→ **Aim of the task**
Where an image appears, leave it out; otherwise repeat the data exactly.

→ **Dataset content**
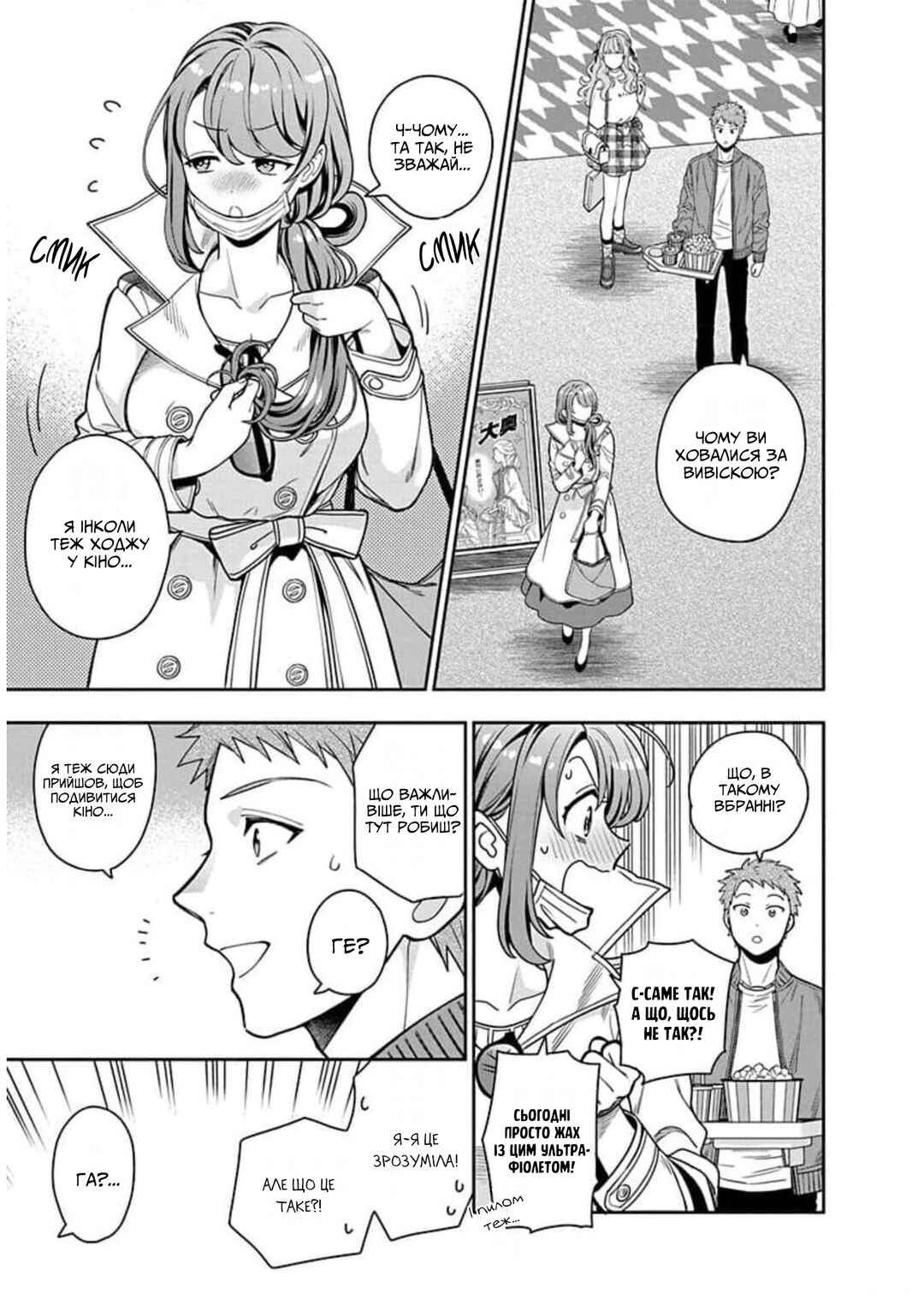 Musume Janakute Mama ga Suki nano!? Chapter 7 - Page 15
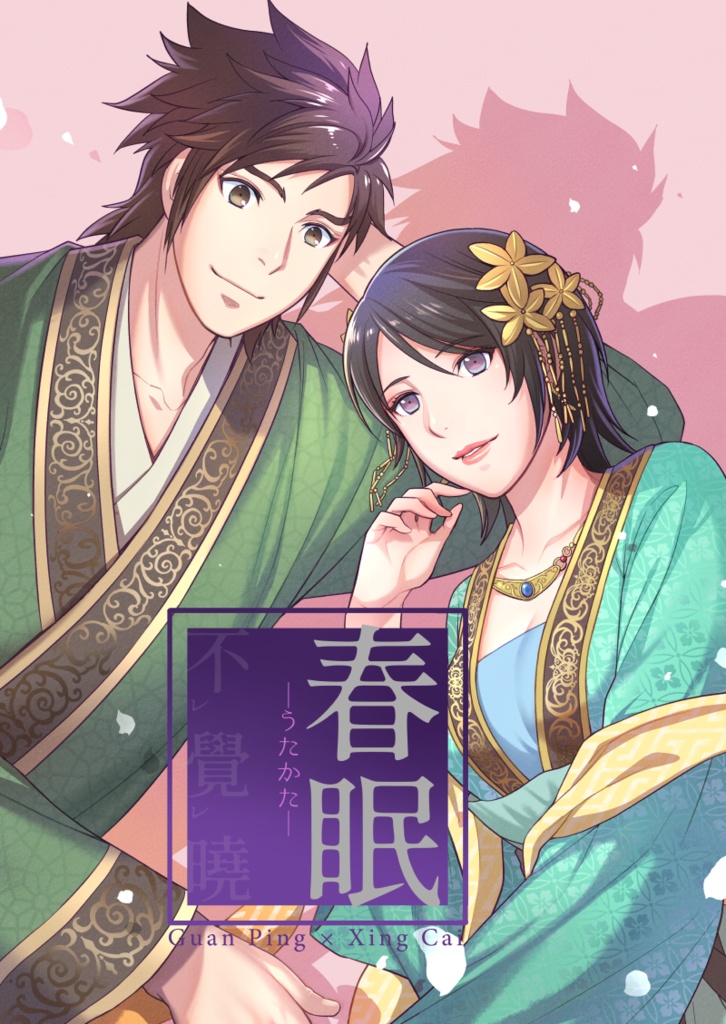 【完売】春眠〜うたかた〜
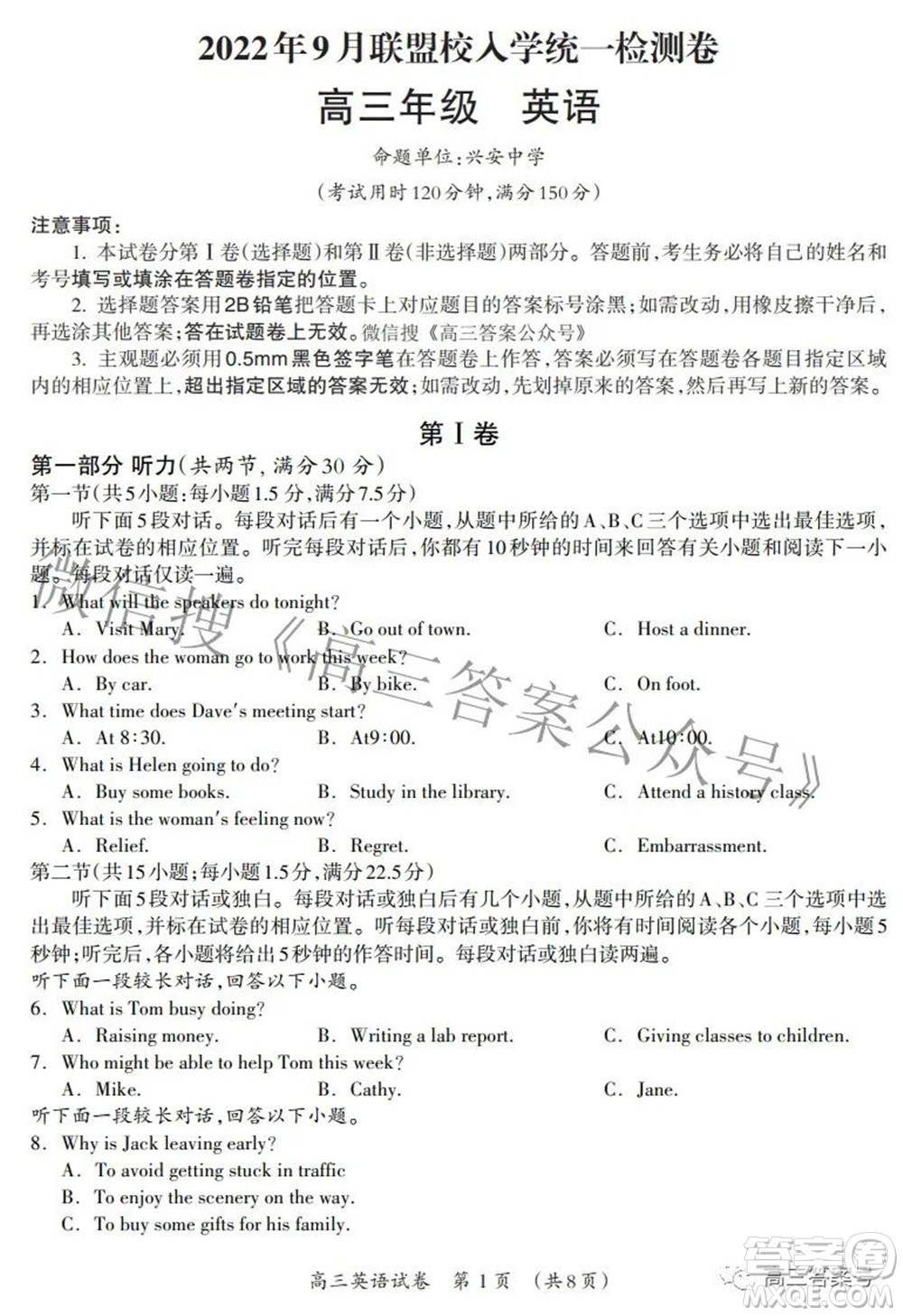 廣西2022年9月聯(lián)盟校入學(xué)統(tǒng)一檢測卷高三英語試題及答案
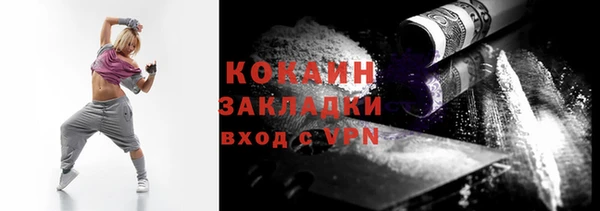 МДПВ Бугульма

→ **Answer box**
 Musume Janakute Mama ga Suki nano!? Chapter 7 - Page 15
 【完売】春眠〜うたかた〜
 廣西2022年9月聯(lián)盟校入學(xué)統(tǒng)一檢測卷高三英語試題及答案
 МДПВ Бугульма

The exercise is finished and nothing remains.